But given the observations of both Yglesias and Brietbart, what are--and should be--the social conventions for dealing with the death of a political opponent?

My personal opinion on Breitbart is as follows:  I disliked much of his work.  I thought his temperament was foul and obnoxious (I'm not speaking of his conservative ideology, but of how he disparaged and held in contempt those who disagreed with him), and some of his journalistic practices sleazy and unethical.  I do not know him personally, though many who do have praised him as a nice guy in person (a remark commonly uttered about our political provocateurs).  I'm certainly not happy to hear he's dead--he's only two years older than I am, and it's rather clear from the circumstances that neither he nor his family were prepared and ready for him to die.  Nor am I about to join in the sort of not-glad-hes-dead-but-glad-he's-gone bile that is frequently offered up when a controversial figure dies.  I was somewhat pleased to hear of the demise last year of Osama Bin Laden--not joyous, certainly, but at least relieved; and I did not mourn the passing earlier this year of Kim Jong-Il.  But both of these men were monsters; Breitbart (and other players in US politics and media), whatever his faults, is not in their company.

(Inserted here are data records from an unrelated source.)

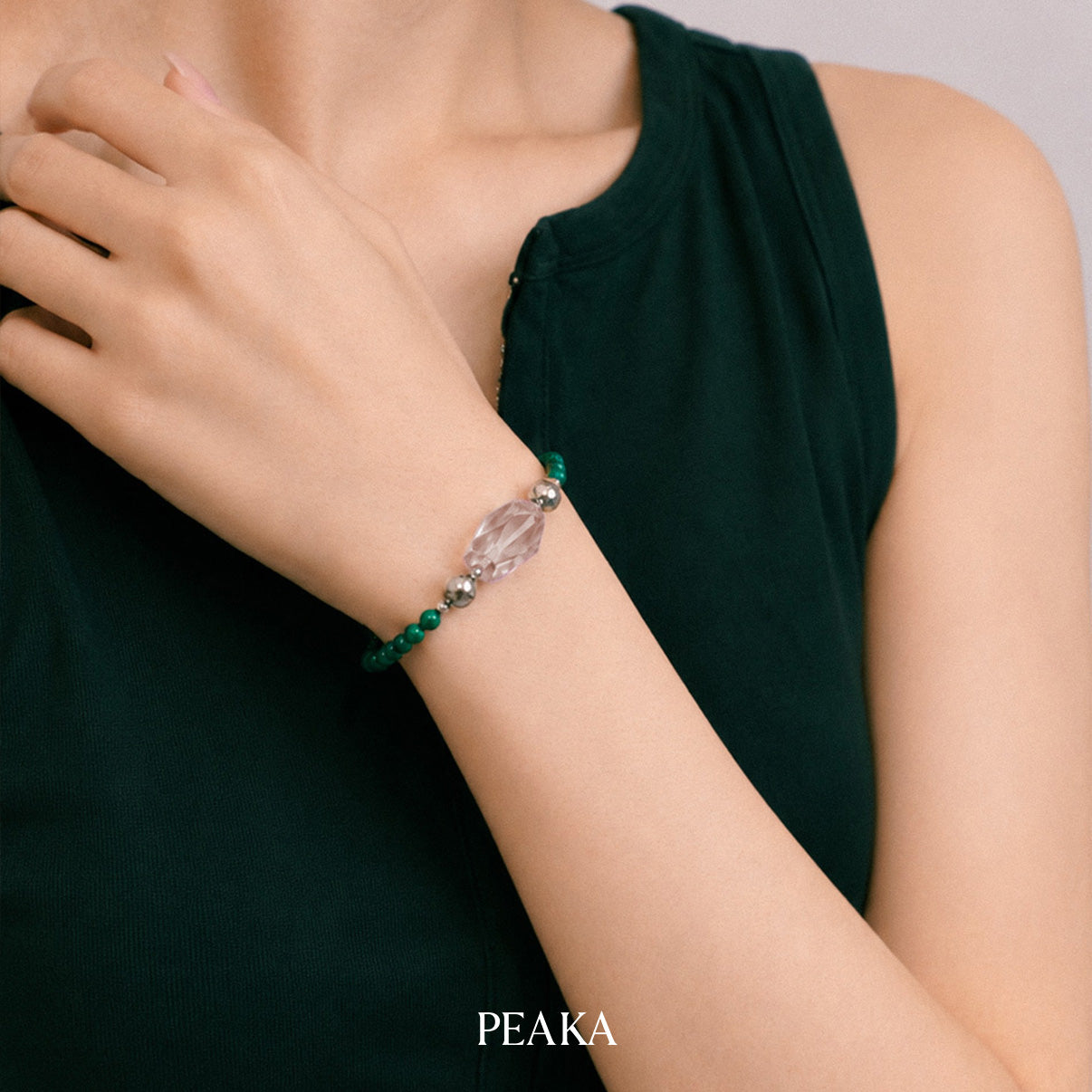 Clear Quartz Charm & Malachite Bracelet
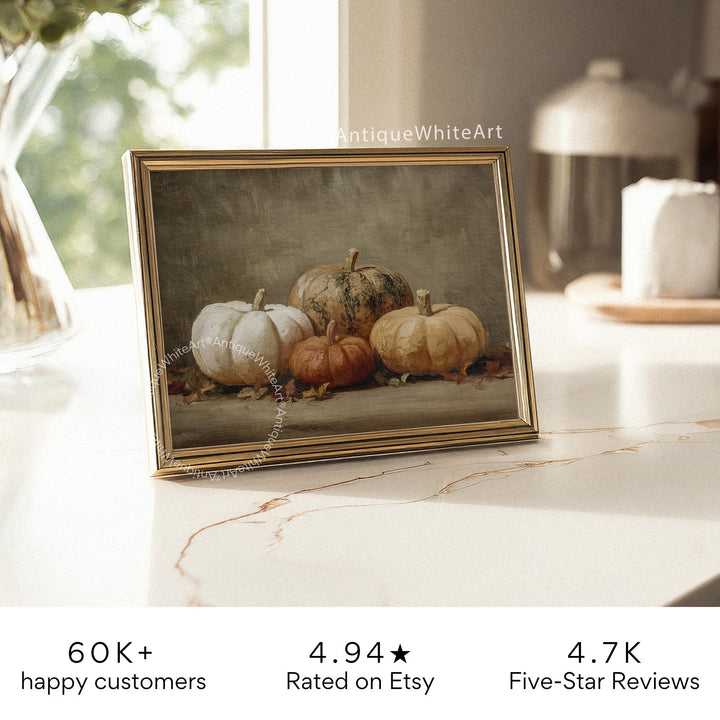 Pumpkin Wall Art Moody Fall Print Autumn Floral Painting Dark Rustic Seasonal Decor A536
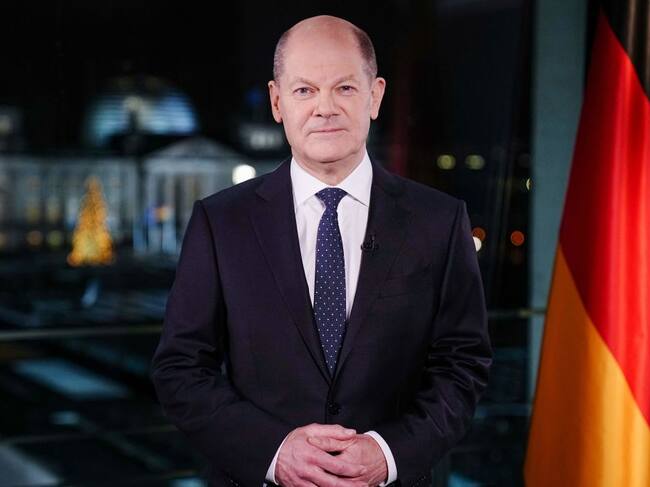 El canciller germano Olaf Scholz durante su mensaje de final de año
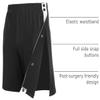 Wataxii Post Surgery Tear Away Shorts for Men Hip Replacement Recovery Snap Breakaway Shorts Comfy Adaptive Clothing Black view 4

But what sort of conduct is, or should be acceptable when someone controversial passes--both in the hours immediately after the death, while the family mourns, and long after the dirt hardens over the proverbial coffin?  Is it ever acceptable to express joy at someone's passing, or to damn them to Hell (or the equivalent in other religious or cultural traditions)?  Is "good riddance" and appropriate response?  What of no comment at all, or invokation of the wise words of Thumper the rabbit?  ("If you can't say sumthin' nice...")  Does it make the pain of the surviving family worse to hear public exultations of their loved ones' passing, or does this matter?